Bushy Buttress

Copyright: MCSA-KZN 2007 ©


Bushy Buttress : Route Descriptions



The Bushy Buttress is located upstream of the Power Wall and is separated from it by the Bushy Gully. The Bushy Buttress consists of two distinct tiers. The upper tier may be seen sticking up against the sky-line from most vantage points, but the lower tier is concealed amongst the bushes and trees. This area is very shady and has several very short, easy routes. These general features are shown in the adjacent photo. Unfortunately most (but not all) of the routes have little protection and must either be soloed or top-roped. The rock on the upper tier is typical White Umfolozi rock, but that on the lower tier is strangely weathered.

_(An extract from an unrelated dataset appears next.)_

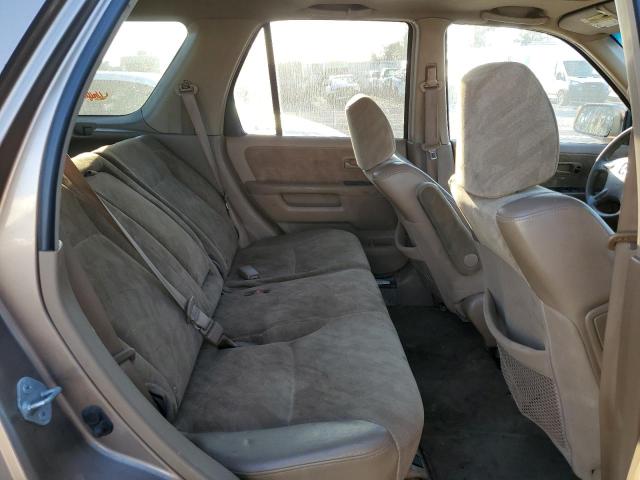 Photo 11 from auction – 2004 HONDA CR-V EX with VIN JHLRD78834C055001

It has shallow pockets with good edges and is very coarse grained with excellent friction - quite the opposite of the rock on the Lower Warrior Wall. To reach the Bushy Buttress follow the path up from the river to the Access Ledge on the Power Wall. Walk to the right along the Access Ledge to the Bushy Gully and then carry on straight across the Bushy Gully to reach the lower tier. Routes on the lower tier top out on a wide ledge at the base of the upper tier which may be reach directly by walking up the Bushy Gully for a short distance (about 20 m) before moving out the gully to the right. The climbs are listed in an upstream sequence from left to right.


UPPER TIER


1. Groovy Grunt (18) ***

Opening party: Jonathon Wigley and Gavin Peckham (17 May 2003)

Start at the arête where the Upper Tier of the Bushy Buttress swings sharply away from the river to form a short wall on one side of the Bushy Gully. Climb the recess just to the right of the arête to reach a large ledge. Step over blocks to the right and then climb the prominent crack up past a 'Thank God' fig tree to the top. Protected by a few small wires in the lower recess and by big cams and the tree in the upper crack line.

2. Gauteng-a-leng (10) **

Opening party: Greg and Cheryl Devine and Dave Taylor (25 September 2004)

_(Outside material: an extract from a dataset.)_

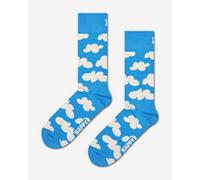 Happy Socks Cloudy Socks Blue White (1 Pair) - 41-46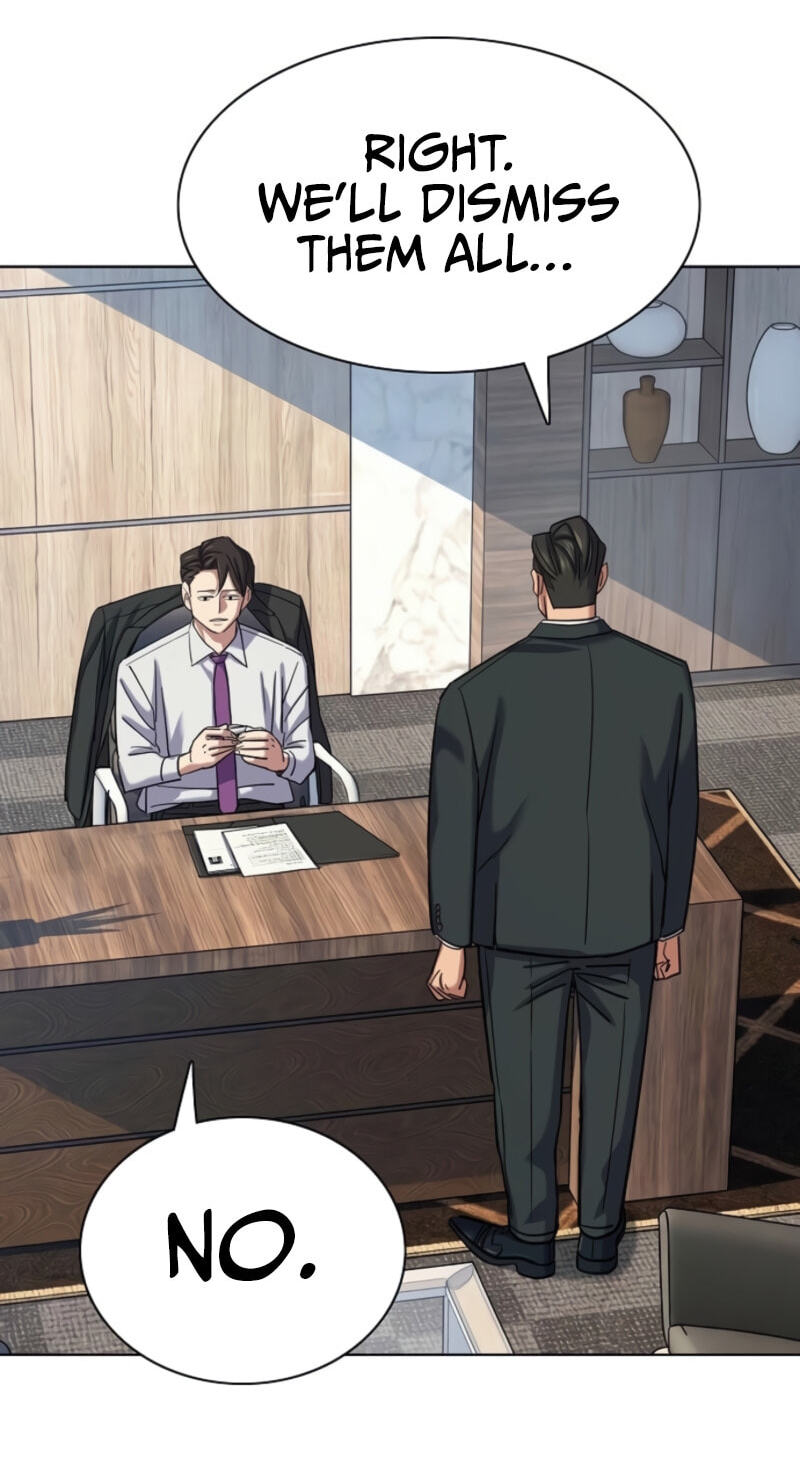 Read Reborn Rich chapter 214 image 16 on Lezhin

Start about 2 m to the left of 'Sexy Sardine'. Climb a blocky corner past a fig tree root. Get onto the headwall and climb up into the corner, exiting left.


3. The Sexy Sardine (15) ***

Opening party: Gavin Peckham and Jonathon Wigley (17 May 2003)

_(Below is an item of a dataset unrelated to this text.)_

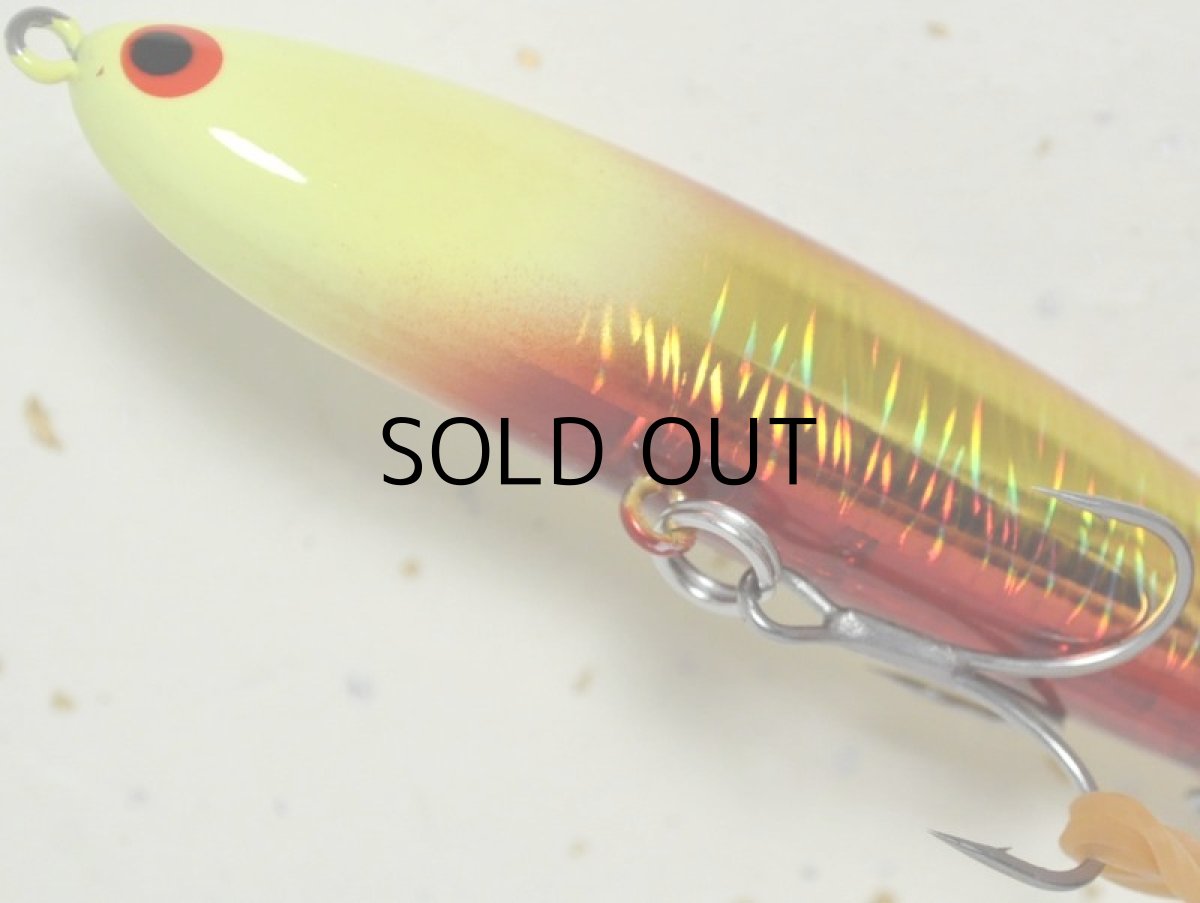 画像3: ポジドライブガレージ スキッドスライダー95S :#08 CHGR【ネコポス配送可】 (3)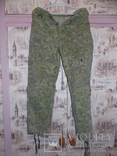 P1G-Tac камуфляжные штаны "Жаба Полевая", фото №2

Start 6 m to the right of 'Groovy Grunt'. Climb the short but good crack to a large ledge - avoiding the temptation to use the small tree for assistance! Climb the large, left-facing corner and interesting crack at the back of the ledge. Well protected.


4. Winding Down (12) **

Opening party: Richard Knott (25 October 1997)

Climb the first 4 m of 'Going Home' then step left onto a ledge. Climb a series of corners to finish 2 m left of 'Going Home'. Very vegetated.


5. Going Home (14) ***

Opening party: Richard Knott (25 October 1997)

Start at the base of an open book about 5 m to the right of 'Sexy Sardine'.   Climb the open book up to a ledge covered with dassie droppings.  Continue up the excellent crack (with an interesting crux move) that splits the buttress from bottom to top.


The following routes are located about 100 m to the right of the previous routes.  You can reach them by walking along the ledge between the Upper and Lower Tiers, past the small free-standing pillar(*) on the corner and then around onto the side overlooking the hut. However, it is probably easier to approach them by taking the path from the new hut up to the Lower Tier.  When you reach the Lower Tier, turn to the right and walk along the base of the crag past a couple of cairns to reach a cairn at the base of a short rock band. Scramble up this to reach the Upper Tier at 'Arb'.  Most of the following routes are  marked by small white arrows and are listed from left to right.  (*)This has been climbed by Derek Marshall but might fall over if you breathe on it too heavily!

 

6. Jigsaw (09) **

Opening party: Gavin Peckham and Ashleigh McKenzie   (03 September 2005)

About 100 m to the right of  'Going Home' there is a pale orange face that leans back at a friendly angle with several cracks.  Climb the main crack line that splits the face from top to bottom.


7. Arb (08) *

Opening party: Gavin Peckham (03 September 2005)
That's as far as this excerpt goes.